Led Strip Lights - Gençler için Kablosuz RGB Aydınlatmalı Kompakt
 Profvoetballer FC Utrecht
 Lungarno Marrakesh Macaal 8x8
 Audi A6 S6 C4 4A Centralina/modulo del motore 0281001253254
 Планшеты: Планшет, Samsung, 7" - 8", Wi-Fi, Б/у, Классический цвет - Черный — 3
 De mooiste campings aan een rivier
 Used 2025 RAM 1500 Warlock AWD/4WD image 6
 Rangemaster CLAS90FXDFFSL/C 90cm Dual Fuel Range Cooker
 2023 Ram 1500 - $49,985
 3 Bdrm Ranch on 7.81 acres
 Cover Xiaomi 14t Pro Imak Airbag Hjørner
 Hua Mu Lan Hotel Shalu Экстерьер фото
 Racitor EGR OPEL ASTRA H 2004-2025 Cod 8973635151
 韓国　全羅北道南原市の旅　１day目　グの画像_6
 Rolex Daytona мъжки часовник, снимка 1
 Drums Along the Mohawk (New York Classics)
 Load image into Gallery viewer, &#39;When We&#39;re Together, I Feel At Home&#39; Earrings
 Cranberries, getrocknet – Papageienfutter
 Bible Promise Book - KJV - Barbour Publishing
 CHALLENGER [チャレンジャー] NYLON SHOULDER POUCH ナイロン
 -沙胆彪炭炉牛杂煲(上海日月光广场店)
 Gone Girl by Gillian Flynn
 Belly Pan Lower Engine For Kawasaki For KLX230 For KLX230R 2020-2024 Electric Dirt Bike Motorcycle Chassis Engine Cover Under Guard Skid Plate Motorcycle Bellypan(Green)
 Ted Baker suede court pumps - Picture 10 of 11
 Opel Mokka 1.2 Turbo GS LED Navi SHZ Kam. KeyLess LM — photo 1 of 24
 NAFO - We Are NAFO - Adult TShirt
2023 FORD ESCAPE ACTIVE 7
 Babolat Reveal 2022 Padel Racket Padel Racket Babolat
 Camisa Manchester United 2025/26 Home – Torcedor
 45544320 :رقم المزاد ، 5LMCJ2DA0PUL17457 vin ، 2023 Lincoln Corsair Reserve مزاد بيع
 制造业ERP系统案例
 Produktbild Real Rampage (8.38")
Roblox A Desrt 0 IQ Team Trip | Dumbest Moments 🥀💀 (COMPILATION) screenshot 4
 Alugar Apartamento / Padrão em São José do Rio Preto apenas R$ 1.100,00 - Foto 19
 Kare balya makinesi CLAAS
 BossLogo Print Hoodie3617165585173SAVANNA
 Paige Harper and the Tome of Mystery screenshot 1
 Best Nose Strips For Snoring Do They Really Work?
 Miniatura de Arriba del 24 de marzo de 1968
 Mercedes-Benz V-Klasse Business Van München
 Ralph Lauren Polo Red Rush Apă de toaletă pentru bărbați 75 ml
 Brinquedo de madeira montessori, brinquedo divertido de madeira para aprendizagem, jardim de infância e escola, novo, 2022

· · · · · · ·

Where the data above reaches the line holding "Babolat Reveal 2022", begin printing, and stop after the line holding "Miniatura de Arriba del 24 de marzo de 1968". Each line must be reproduced exactly, with nothing else added.

 Babolat Reveal 2022 Padel Racket Padel Racket Babolat
 Camisa Manchester United 2025/26 Home – Torcedor
 45544320 :رقم المزاد ، 5LMCJ2DA0PUL17457 vin ، 2023 Lincoln Corsair Reserve مزاد بيع
 制造业ERP系统案例
 Produktbild Real Rampage (8.38")
Roblox A Desrt 0 IQ Team Trip | Dumbest Moments 🥀💀 (COMPILATION) screenshot 4
 Alugar Apartamento / Padrão em São José do Rio Preto apenas R$ 1.100,00 - Foto 19
 Kare balya makinesi CLAAS
 BossLogo Print Hoodie3617165585173SAVANNA
 Paige Harper and the Tome of Mystery screenshot 1
 Best Nose Strips For Snoring Do They Really Work?
 Miniatura de Arriba del 24 de marzo de 1968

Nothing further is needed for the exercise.